Roy Scheider was grateful to Bob Fosse for rescuing him from a string of dramatic roles wherein he played 'the great stone face' character. Listen to Scheider's commentary on the "All that Jazz" DVD sometime. Scheider, who was then in fairly good physical shape, found his precisely choreographed dancing moves in the film daunting and had to train with a dance master to nail them. Critics of the day said Fosse was merely copying Fellini, but just try watching "8 1/2" in 2008 without falling asleep. Fosse did his own twist on it and the result is far more entertaining. Now all the Fellini fans will be ticked, if they can see through their mime makeup.

_ said...

wow...weird: i had a dream last night were you at some informal swanky gathering i had arranged, and sitting on some white plush couches i asked you if brigitte bardot was ever a dancer. you laughed and then gave me some history lesson on hollywood musicals or some such theory. i wish i could remember.

anyway, so now i wake up and see a post on dancing...

***

also disco is a pretty strange moment in history. i don't know much about the dance, but the discotheque scene end up as the dj club scene we have now? where the dj is praised, not the music or the musicians.

J. J. Hunsecker said...

Hey Eddie,

There's a bit of hip hop in the Flashdance clip, when the Jennifer Beals character flops on her back and spins around. Breakdancers did that move in the 80's.

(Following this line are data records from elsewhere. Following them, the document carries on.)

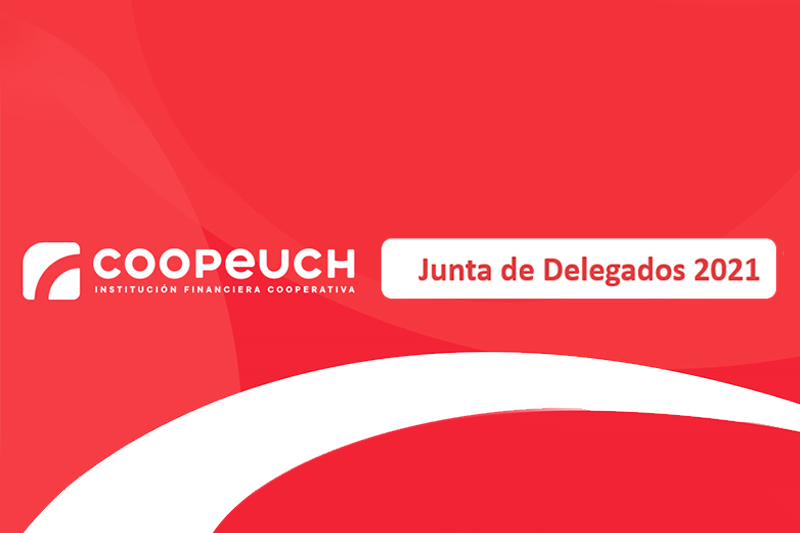 Candidatos a consejo de Administración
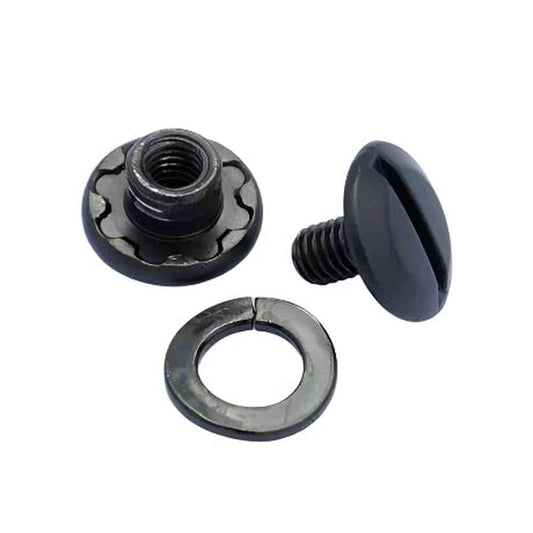 Silky screw set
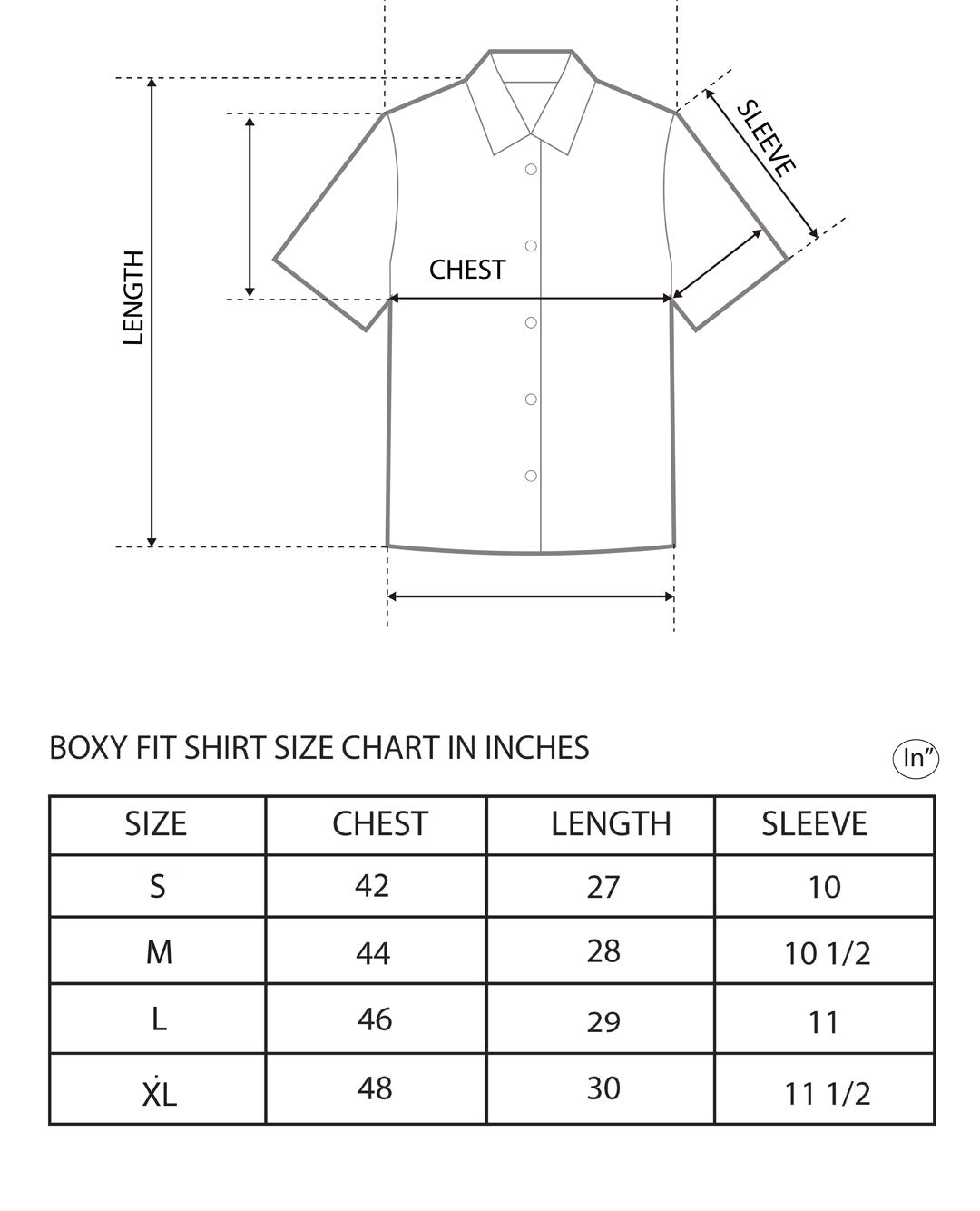 Workwear denim Jacket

Here's a related article from The Onion that I thought you might enjoy called "Dancer Risks Everything".

Nick said...

When it comes to hip hop, I think whether or not people dance to it depends on the crowd. I've been to a few rapper's gigs (local ones here in merry old Oxfordshire, no big names) and at some the crowd was static, just occasionally nodding along, where at others the crowd were really into it. Its a more pleasant and fun atmosphere if you're with the latter, and the performers prefer it more too.

Kelly Toon said...

here are a few interesting links:

This is the "Last dance" scene from the film Save the Last dance, about a ballerina who learns hip hop. This is where she uses her new phat skillz to impress the judges at Juliard (or some fictional academy). I kind of hate the editing on this clip, I feel like I missed a lot!

http://www.youtube.com/watch?v=Y9E87c1-aYA

And below is a beautiful series of breakdancers, captured in slow motion, their moves taken out of context. I'd be interested to hear what you think about these.

http://www.youtube.com/watch?v=Y9E87c1-aYA

Unknown said...

Trevor- It's a great film, but the tonal shifts are all over the place. That's what I mean by its being a mess. Messy like a life, not messy like it's a bad film. Far from it.

Eddie Fitzgerald said...

Kelly: Thanks for the link! Your second link was the same as the first, so I only got to see one. I have to be honest and say that I didn't really like the choreography, but I'm glad I saw it.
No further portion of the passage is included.